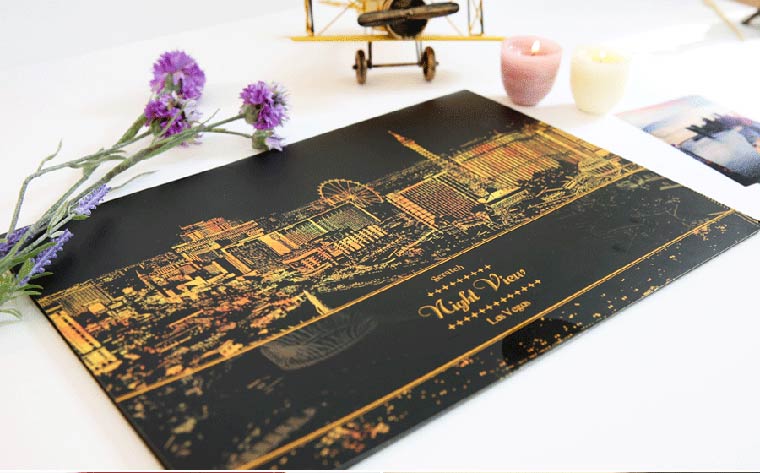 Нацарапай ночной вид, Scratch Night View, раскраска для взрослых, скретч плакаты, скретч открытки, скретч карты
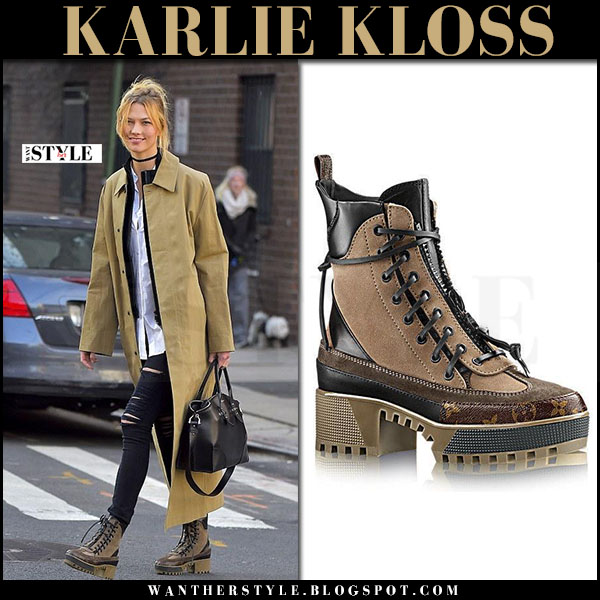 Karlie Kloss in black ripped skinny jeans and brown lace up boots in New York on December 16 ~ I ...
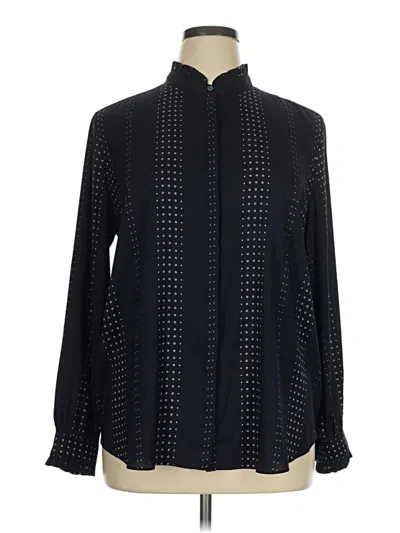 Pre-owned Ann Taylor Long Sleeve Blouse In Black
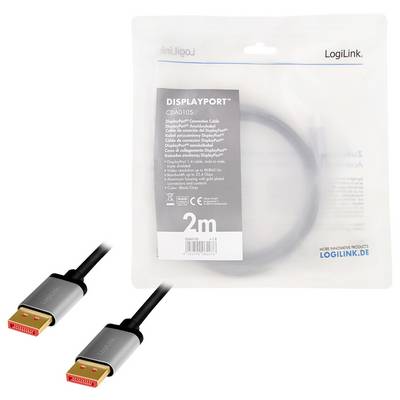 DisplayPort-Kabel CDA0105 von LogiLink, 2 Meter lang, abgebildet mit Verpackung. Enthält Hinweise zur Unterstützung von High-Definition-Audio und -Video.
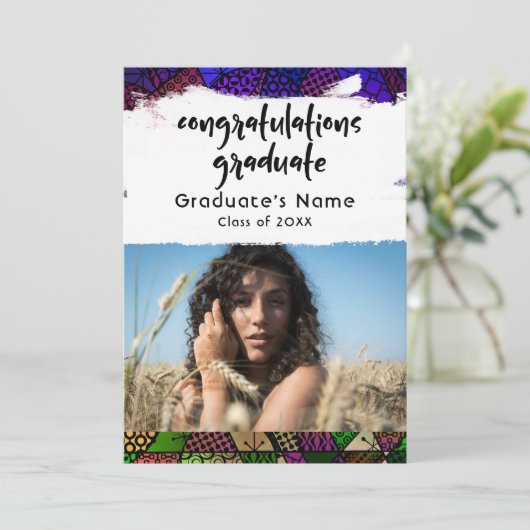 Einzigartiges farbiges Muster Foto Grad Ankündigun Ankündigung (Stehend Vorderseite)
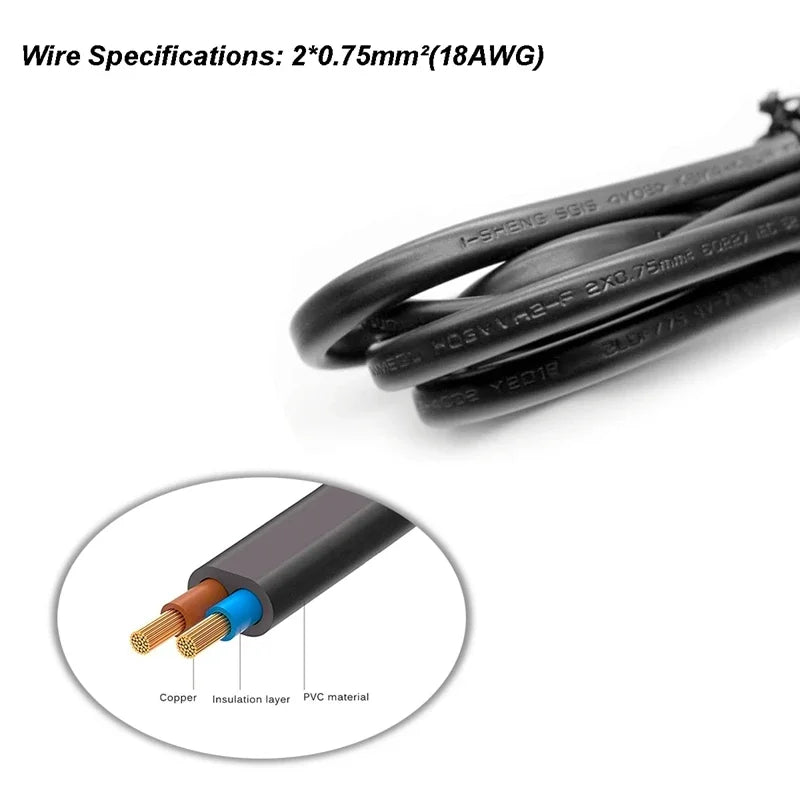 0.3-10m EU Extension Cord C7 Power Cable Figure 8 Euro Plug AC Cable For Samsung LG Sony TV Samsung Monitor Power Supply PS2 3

ACTIVITY:
Your output must match the records word for word, apart from the images, which are left out.

RESPONSE BOX:
 Нацарапай ночной вид, Scratch Night View, раскраска для взрослых, скретч плакаты, скретч открытки, скретч карты
 Karlie Kloss in black ripped skinny jeans and brown lace up boots in New York on December 16 ~ I ...
 Pre-owned Ann Taylor Long Sleeve Blouse In Black
 DisplayPort-Kabel CDA0105 von LogiLink, 2 Meter lang, abgebildet mit Verpackung. Enthält Hinweise zur Unterstützung von High-Definition-Audio und -Video.
 Einzigartiges farbiges Muster Foto Grad Ankündigun Ankündigung (Stehend Vorderseite)
 0.3-10m EU Extension Cord C7 Power Cable Figure 8 Euro Plug AC Cable For Samsung LG Sony TV Samsung Monitor Power Supply PS2 3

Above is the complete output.